Background: Over 1.6 million US service members have served in Afghanistan or Iraq as part of Operation Enduring Freedom (OEF) and Operation Iraqi Freedom (OIF), and up to 15% of them report significant mental health symptoms. Failure to engage in treatment remains a significant obstacle and one that can lead to devastating consequences including exacerbation of psychiatric symptoms, deteriorating social and vocational functioning, homelessness, substance abuse, and suicide (2,3,6-8). Because disengagement from mental health treatment may reflect the OEF/OIF veteran's perspective that treatment is not meeting his/her needs or not being provided in a collaborative manner, there is a growing imperative to develop and implement veteran- centered strategies for fostering treatment engagement with the longer-term goal of improving treatment outcomes for newly returning veterans. This imperative is reflected in the mandates specified in the so-called VA Action Agenda (9) to create a system of care that is recovery-oriented and patient centered. Despite the mounting evidence suggesting that computer-mediated technologies designed to help structure and enhance patient-clinician communication can lead to improved patient health and functioning across a variety of medical conditions (10), their implementation in mental health service delivery has occurred only recently. Providing mental health clinicians with a tool to ensure delivery of mandated patient-centered care and affording veterans an opportunity to more meaningfully participate in the identification of treatment priorities will have significant impact on improving treatment engagement and related outcomes for OEF/OIF veterans.
Aims :
The specific aims for this proposed two year pilot are to: 1) Modify an existing computerized structured communication tool called DIALOG to reflect the mental health treatment needs of OEF/OIF veterans and enhance implementation procedures based on principles and strategies of Cognitive Behavioral Therapy (CBT);and 2) Complete a randomized pilot for 32 OEF/OIF veterans and their mental providers to generate preliminary data supporting our hypotheses that use of the modified and enhanced DIALOG tool will: a) improve mental health treatment engagement as defined by increased likelihood of attending a subsequent mental health appointment following index use of the tool;and b) result in a decrease in veteran reported unmet needs, more positive ratings of treatment satisfaction, and improved ratings of quality of life. Methods: Our proposal includes a two-stage effort that parallels our Specific Aims. Stage One will be completed during year one and will focus on modifying and enhancing the DIALOG tool. In addition to convening multiple meetings with an advisory group of experts and OEF/OIF veterans, we will also beta-test modifications and complete interviews and focus groups with veteran and mental health provider users of the tool to evaluate acceptability and feasibility. Stage Two, completed during the second year, will involve a carefully monitored randomized pilot. OEF/OIF veterans will be randomized to either the experimental condition (defined by use of the DIALOG structured communication tool) or the control condition (defined by delivery of standard treatment without use of the DIALOG tool). Using a pre-post design over a 3-month period, outcomes assessed will include: rates of attending a subsequent mental health appointment following index use of the DIALOG tool, and veteran ratings of unmet needs, treatment satisfaction and quality of life. Impact: The development of the proposed computerized structured communication tool and innovative implementation enhancements drawing on the principles and strategies of CBT will contribute to the VA mandate to deliver patient-centered services to OEF/OIF veterans to better meet their pressing treatment needs. Providing clinicians with a simple tool to consistently and effectively delivery patient-centered mental health services could have significant impact on improving treatment engagement and related outcomes for OEF/OIF veterans.

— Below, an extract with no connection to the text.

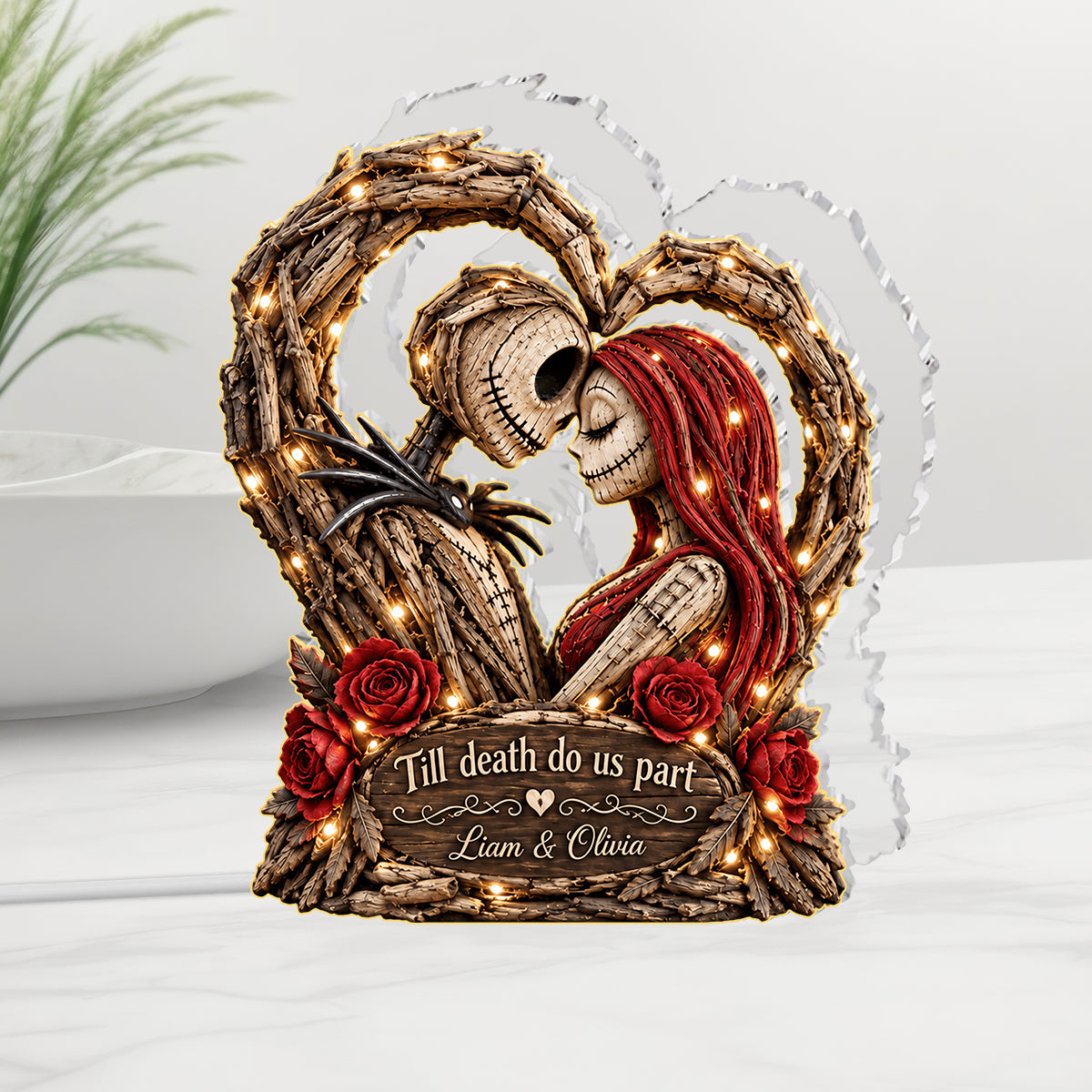 Skeleton Couple Heart - Personalized Nightmare Acrylic LED Night Light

Over 1.6 million US service members have served in the Operation Enduring Freedom (OEF) and Operation Iraqi Freedom (OIF) conflicts, and up to 15% of them report significant mental health symptoms. Failure to engage in treatment remains a significant obstacle and one that can lead to devastating consequences including exacerbation of psychiatric symptoms, deteriorating functioning, substance abuse, and suicide. The goals of this research are to: 1) modify an innovative computerized structured communication tool designed to help deliver VA mandated veteran-centered care by ensuring that mental health providers consistently address the self-identified treatment needs of OEF/OIF veterans;and 2) evaluate the tools ability to improve rates of treatment engagement and veteran outcomes.